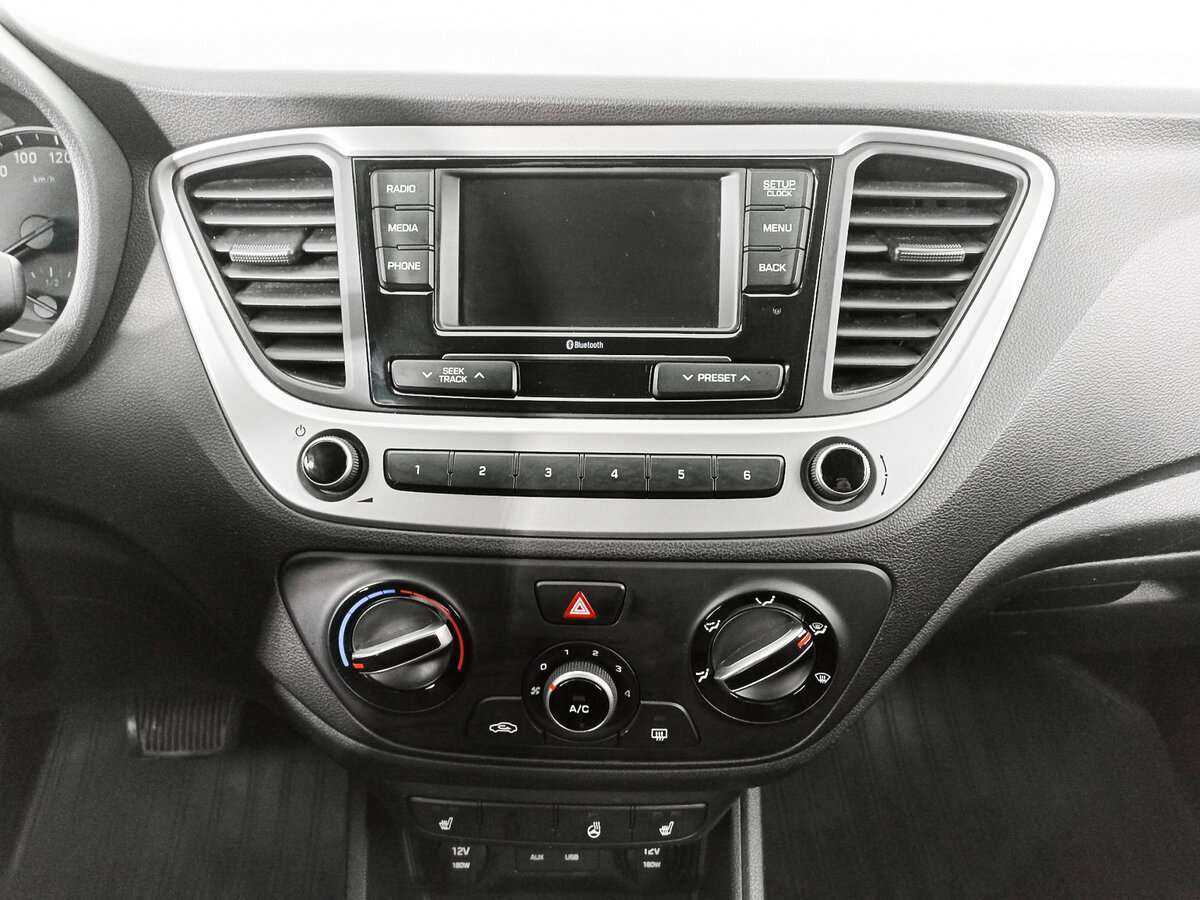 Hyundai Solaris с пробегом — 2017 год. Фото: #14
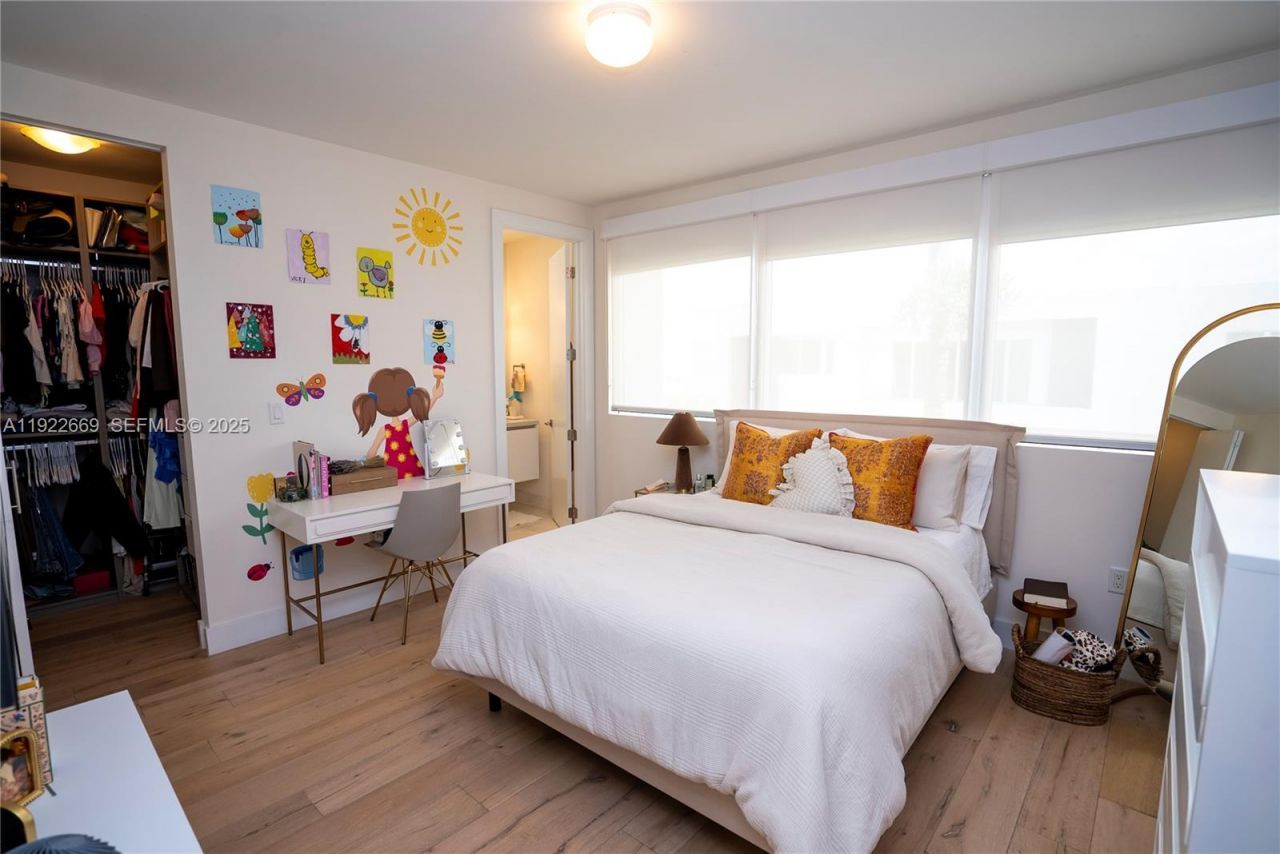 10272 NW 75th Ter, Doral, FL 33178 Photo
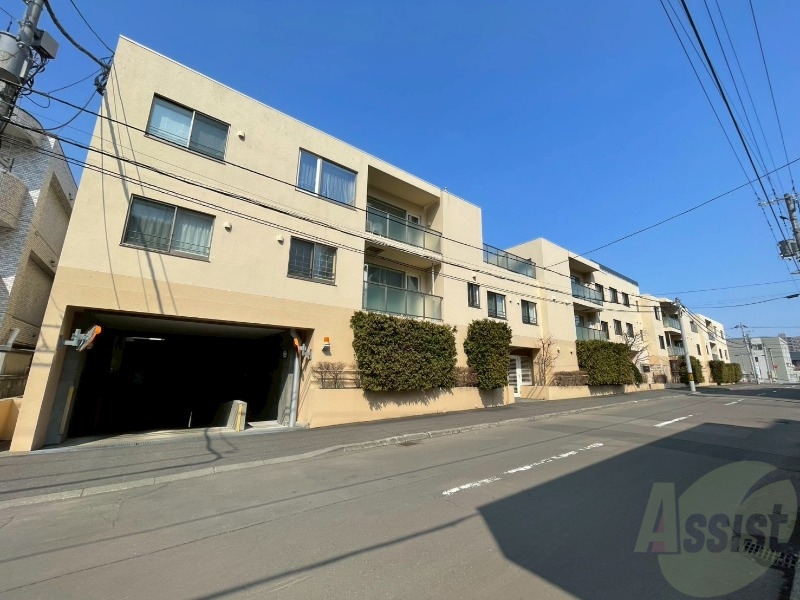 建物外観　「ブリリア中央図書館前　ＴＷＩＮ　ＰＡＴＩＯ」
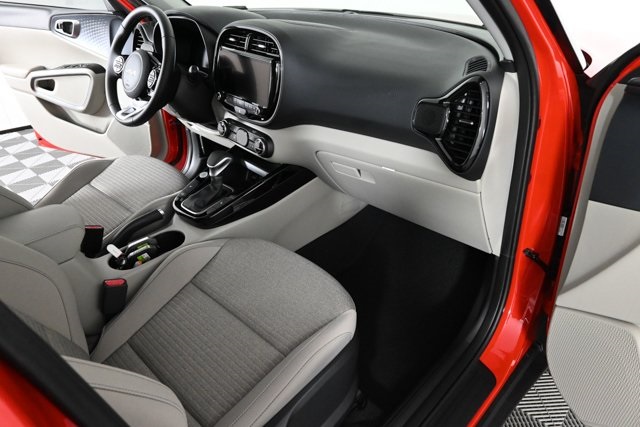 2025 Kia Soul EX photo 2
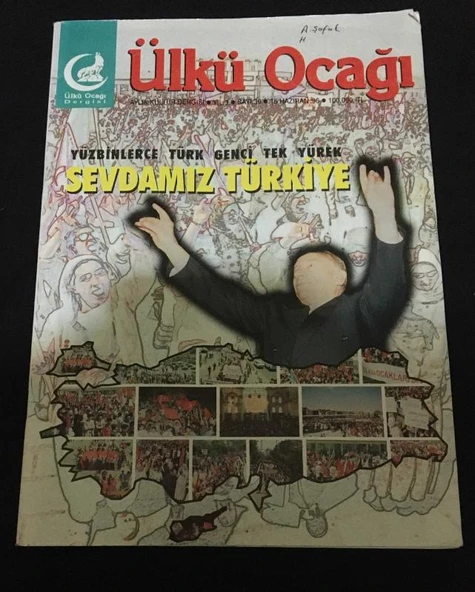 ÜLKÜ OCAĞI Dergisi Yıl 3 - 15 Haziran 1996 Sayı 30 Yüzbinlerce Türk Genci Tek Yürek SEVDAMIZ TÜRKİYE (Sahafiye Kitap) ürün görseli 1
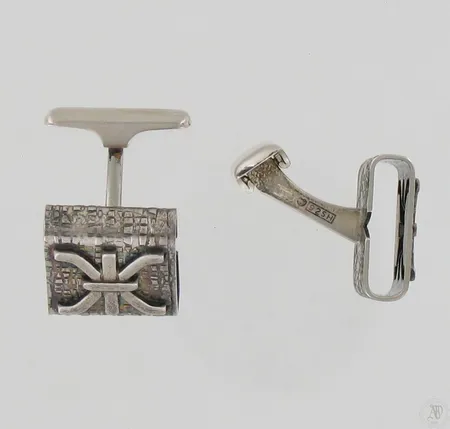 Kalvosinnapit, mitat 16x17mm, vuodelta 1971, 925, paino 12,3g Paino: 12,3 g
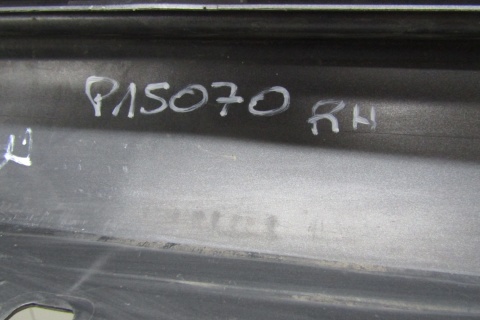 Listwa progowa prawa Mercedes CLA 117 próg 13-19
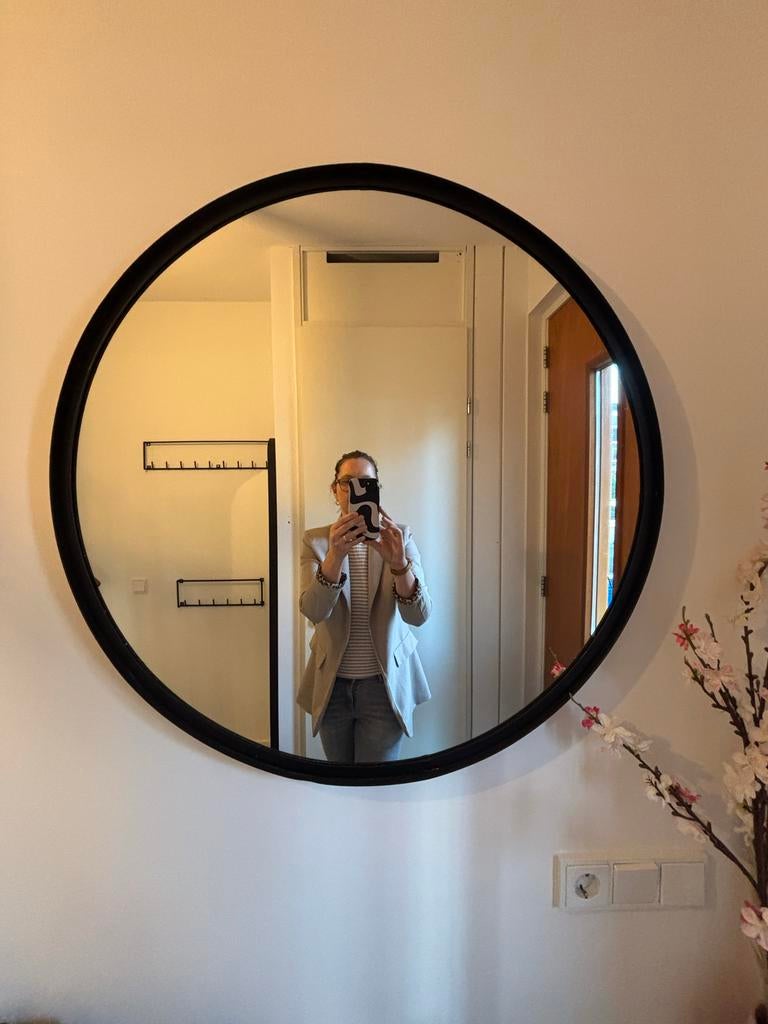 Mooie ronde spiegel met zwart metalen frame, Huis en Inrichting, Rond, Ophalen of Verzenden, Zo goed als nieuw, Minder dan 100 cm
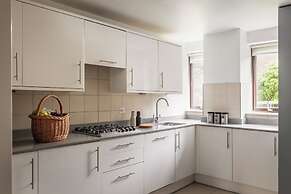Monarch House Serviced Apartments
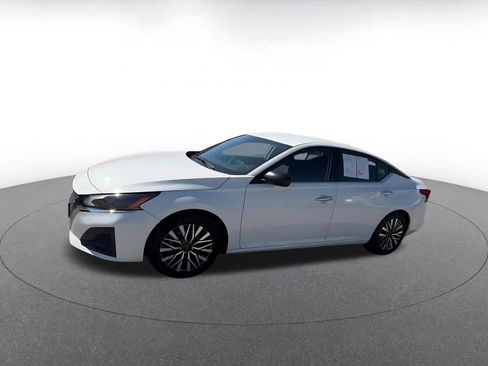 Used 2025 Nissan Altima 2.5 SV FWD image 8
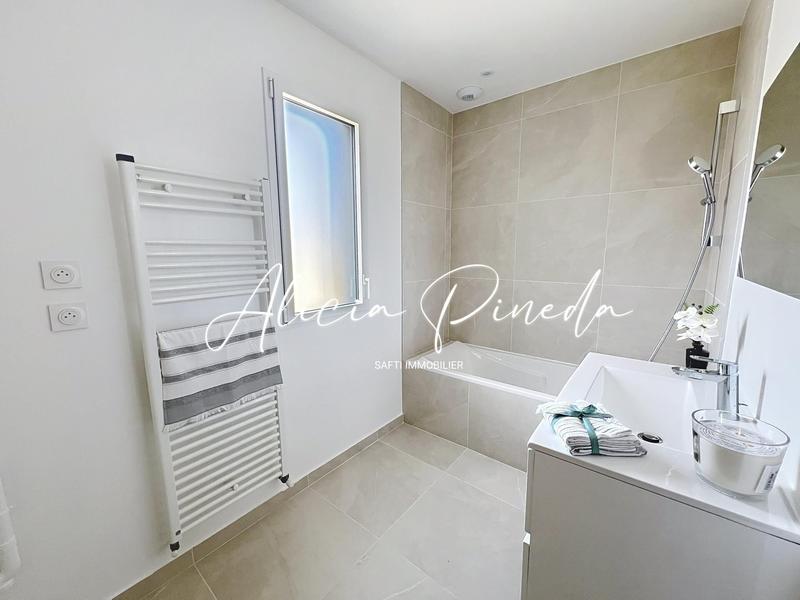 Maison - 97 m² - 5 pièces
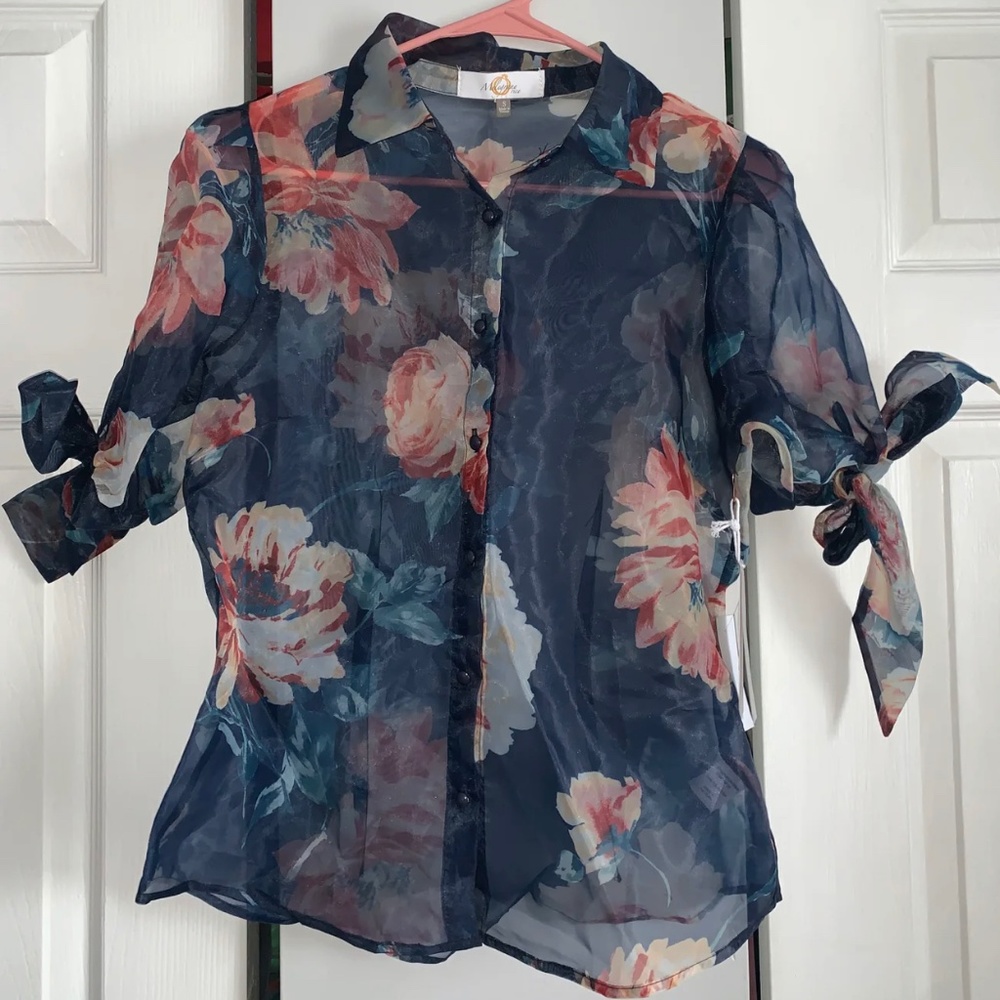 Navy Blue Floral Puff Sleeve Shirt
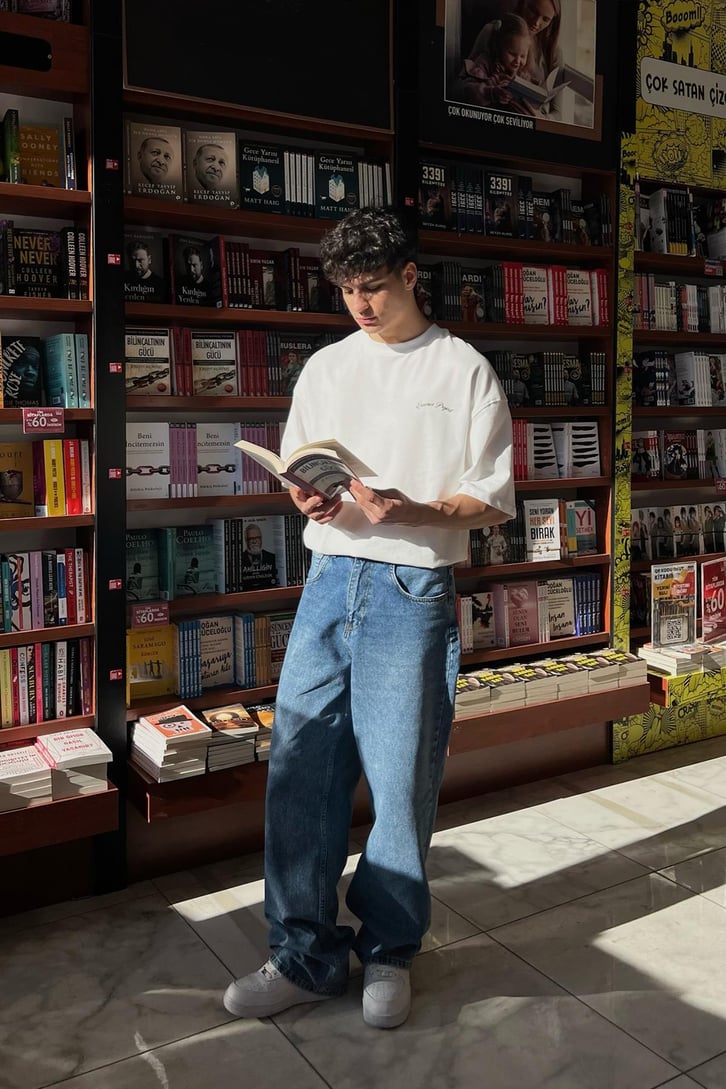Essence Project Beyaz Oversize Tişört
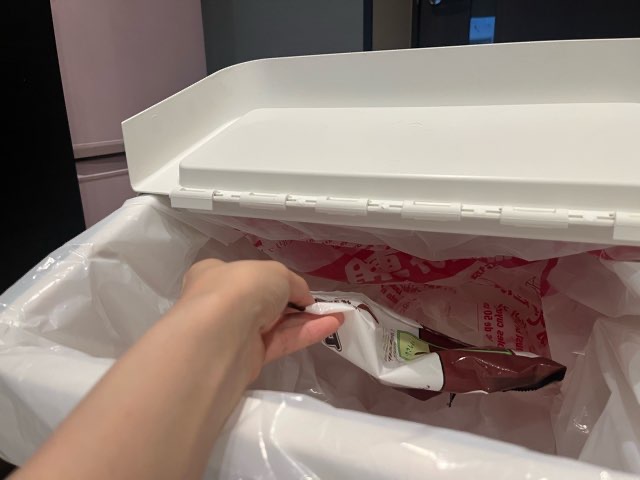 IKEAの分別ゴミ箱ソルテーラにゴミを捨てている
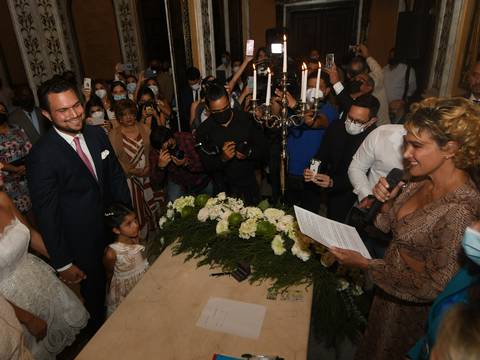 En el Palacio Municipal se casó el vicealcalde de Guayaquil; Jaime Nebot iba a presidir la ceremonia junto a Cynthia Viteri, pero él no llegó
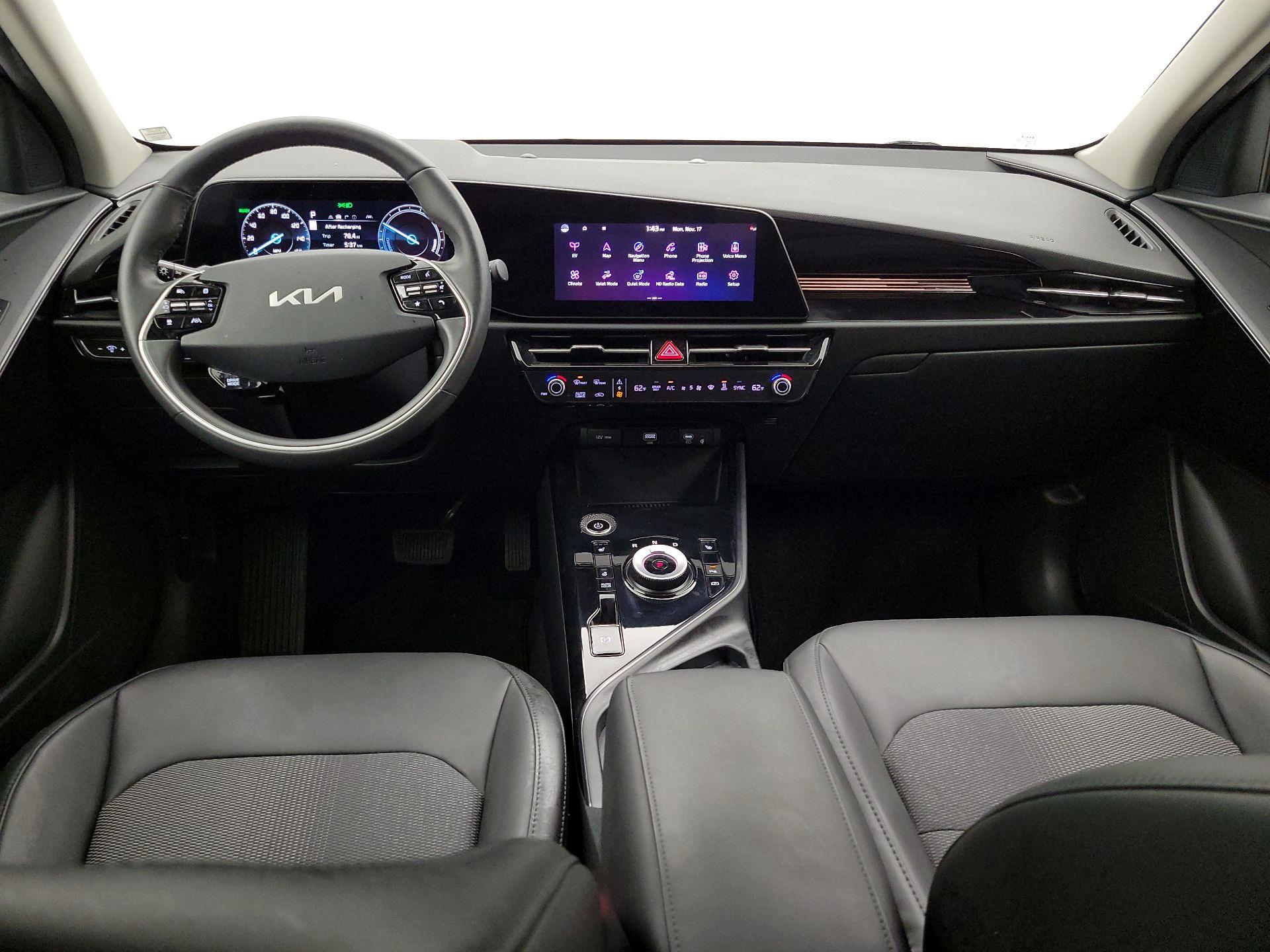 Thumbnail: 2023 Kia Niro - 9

• **Task**
Output each line above exactly as it stands, omitting the pictures.

• **Response to this exercise**
 Hyundai Solaris с пробегом — 2017 год. Фото: #14
 10272 NW 75th Ter, Doral, FL 33178 Photo
 建物外観　「ブリリア中央図書館前　ＴＷＩＮ　ＰＡＴＩＯ」
 2025 Kia Soul EX photo 2
 ÜLKÜ OCAĞI Dergisi Yıl 3 - 15 Haziran 1996 Sayı 30 Yüzbinlerce Türk Genci Tek Yürek SEVDAMIZ TÜRKİYE (Sahafiye Kitap) ürün görseli 1
 Kalvosinnapit, mitat 16x17mm, vuodelta 1971, 925, paino 12,3g Paino: 12,3 g
 Listwa progowa prawa Mercedes CLA 117 próg 13-19
 Mooie ronde spiegel met zwart metalen frame, Huis en Inrichting, Rond, Ophalen of Verzenden, Zo goed als nieuw, Minder dan 100 cm
Monarch House Serviced Apartments
 Used 2025 Nissan Altima 2.5 SV FWD image 8
 Maison - 97 m² - 5 pièces
 Navy Blue Floral Puff Sleeve Shirt
Essence Project Beyaz Oversize Tişört
 IKEAの分別ゴミ箱ソルテーラにゴミを捨てている
 En el Palacio Municipal se casó el vicealcalde de Guayaquil; Jaime Nebot iba a presidir la ceremonia junto a Cynthia Viteri, pero él no llegó
 Thumbnail: 2023 Kia Niro - 9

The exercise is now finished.